With all of the attention in Boston being on how they likely need a new starting pitcher, preferably an ace, the bullpen has been overlooked. Red Sox closer Koji Uehara is 40 years old, and not getting any younger after fracturing his wrist earlier in the season. The Red Sox are ninth in the majors for blown saves, 20th in save percentage, seventh in allowing home runs, fifth in hitting batters, and in first place for having 69 wild pitches. Much of those results has been due to the bullpen.
The Red Sox, and their fans, need more reassurance that, when the starters pass the ball to the bullpen, the relievers can hold the opposing team at bay and keep them in the game. In a place like Fenway Park, where the Green Monster serves up like a basketball backboard to carom hits off of and drive outfielders crazy, the team cannot afford a reliever like Ogando to serve up the ball so easily.
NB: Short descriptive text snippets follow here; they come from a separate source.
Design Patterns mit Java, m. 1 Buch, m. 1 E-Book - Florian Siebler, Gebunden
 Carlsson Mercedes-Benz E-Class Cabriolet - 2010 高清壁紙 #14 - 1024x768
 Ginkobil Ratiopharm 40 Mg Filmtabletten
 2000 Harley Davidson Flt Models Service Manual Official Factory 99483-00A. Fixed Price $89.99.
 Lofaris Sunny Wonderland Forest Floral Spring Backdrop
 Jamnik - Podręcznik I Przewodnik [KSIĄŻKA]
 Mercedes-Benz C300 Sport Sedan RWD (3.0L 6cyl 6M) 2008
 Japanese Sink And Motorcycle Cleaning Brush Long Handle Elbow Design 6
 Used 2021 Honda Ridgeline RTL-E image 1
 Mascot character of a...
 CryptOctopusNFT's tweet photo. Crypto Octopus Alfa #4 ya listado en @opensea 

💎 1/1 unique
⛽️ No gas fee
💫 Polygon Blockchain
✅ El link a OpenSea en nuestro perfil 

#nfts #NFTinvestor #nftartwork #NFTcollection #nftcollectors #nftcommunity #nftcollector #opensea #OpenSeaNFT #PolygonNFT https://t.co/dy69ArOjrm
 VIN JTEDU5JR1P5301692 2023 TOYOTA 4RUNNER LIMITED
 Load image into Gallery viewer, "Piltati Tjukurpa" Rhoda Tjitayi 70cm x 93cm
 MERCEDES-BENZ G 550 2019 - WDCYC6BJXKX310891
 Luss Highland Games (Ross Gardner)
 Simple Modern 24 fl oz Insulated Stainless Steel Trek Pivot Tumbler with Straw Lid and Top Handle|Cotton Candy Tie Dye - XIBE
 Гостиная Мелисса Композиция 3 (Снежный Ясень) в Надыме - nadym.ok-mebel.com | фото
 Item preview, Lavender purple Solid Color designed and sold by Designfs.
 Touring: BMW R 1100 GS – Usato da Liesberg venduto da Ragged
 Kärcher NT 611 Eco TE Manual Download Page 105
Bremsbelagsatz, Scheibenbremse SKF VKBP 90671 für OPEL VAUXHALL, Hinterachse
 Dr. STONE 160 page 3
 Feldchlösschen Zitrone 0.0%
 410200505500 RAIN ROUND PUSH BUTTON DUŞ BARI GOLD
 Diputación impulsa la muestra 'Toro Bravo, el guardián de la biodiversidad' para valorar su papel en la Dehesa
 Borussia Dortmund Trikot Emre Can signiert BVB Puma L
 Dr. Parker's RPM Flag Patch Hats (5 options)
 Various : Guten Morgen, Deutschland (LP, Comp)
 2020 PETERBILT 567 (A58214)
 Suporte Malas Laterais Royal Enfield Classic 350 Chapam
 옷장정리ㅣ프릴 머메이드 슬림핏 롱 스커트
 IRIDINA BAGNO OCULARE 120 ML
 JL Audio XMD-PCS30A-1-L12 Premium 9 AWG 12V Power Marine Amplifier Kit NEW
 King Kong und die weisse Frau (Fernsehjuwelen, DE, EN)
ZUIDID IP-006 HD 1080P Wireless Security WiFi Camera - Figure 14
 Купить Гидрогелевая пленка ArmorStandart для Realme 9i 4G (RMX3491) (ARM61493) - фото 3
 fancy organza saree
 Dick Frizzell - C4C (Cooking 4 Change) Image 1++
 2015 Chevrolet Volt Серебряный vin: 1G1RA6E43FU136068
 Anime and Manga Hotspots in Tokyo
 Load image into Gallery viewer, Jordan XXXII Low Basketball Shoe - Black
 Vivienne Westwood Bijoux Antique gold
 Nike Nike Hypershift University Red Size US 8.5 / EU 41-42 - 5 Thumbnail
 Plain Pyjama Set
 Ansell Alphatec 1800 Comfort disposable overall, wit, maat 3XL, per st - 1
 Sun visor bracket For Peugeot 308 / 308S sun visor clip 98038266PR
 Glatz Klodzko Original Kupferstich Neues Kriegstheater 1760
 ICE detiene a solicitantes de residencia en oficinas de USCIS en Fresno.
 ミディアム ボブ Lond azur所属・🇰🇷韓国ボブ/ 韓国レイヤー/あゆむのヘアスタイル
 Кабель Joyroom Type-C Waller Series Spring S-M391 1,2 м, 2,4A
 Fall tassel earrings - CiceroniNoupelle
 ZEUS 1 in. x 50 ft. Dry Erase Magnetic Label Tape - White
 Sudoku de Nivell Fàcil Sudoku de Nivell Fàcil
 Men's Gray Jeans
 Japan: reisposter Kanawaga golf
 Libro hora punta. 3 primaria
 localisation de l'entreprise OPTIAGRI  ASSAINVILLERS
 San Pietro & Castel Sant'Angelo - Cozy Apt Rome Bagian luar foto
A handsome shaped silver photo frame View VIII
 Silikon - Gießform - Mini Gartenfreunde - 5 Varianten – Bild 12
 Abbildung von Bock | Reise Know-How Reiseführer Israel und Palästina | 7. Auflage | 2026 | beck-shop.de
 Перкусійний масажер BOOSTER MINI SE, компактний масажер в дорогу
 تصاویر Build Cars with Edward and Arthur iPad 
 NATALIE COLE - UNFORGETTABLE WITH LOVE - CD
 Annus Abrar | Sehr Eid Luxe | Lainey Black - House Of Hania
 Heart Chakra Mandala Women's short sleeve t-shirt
The fences in Fenway are so close, being one of the smaller MLB ballparks, it has become commonplace to see Ogando throw a beachball of a pitch to some of the biggest hitters in the American League for home runs. He has four blown saves in four save opportunities; when will it be enough?
Don’t expect Ogando to pitch in relief very often for the Red Sox, next season. With a new winning attitude required, if not demanded by Red Sox Nation, Boston will need to find more help for the bullpen, not just the starting rotation. If Joe Kelly is converted into a reliever, or someone else is brought into the fold, Ogando will either ride the pine of the bench in Fenway Park or for another team for a very long time.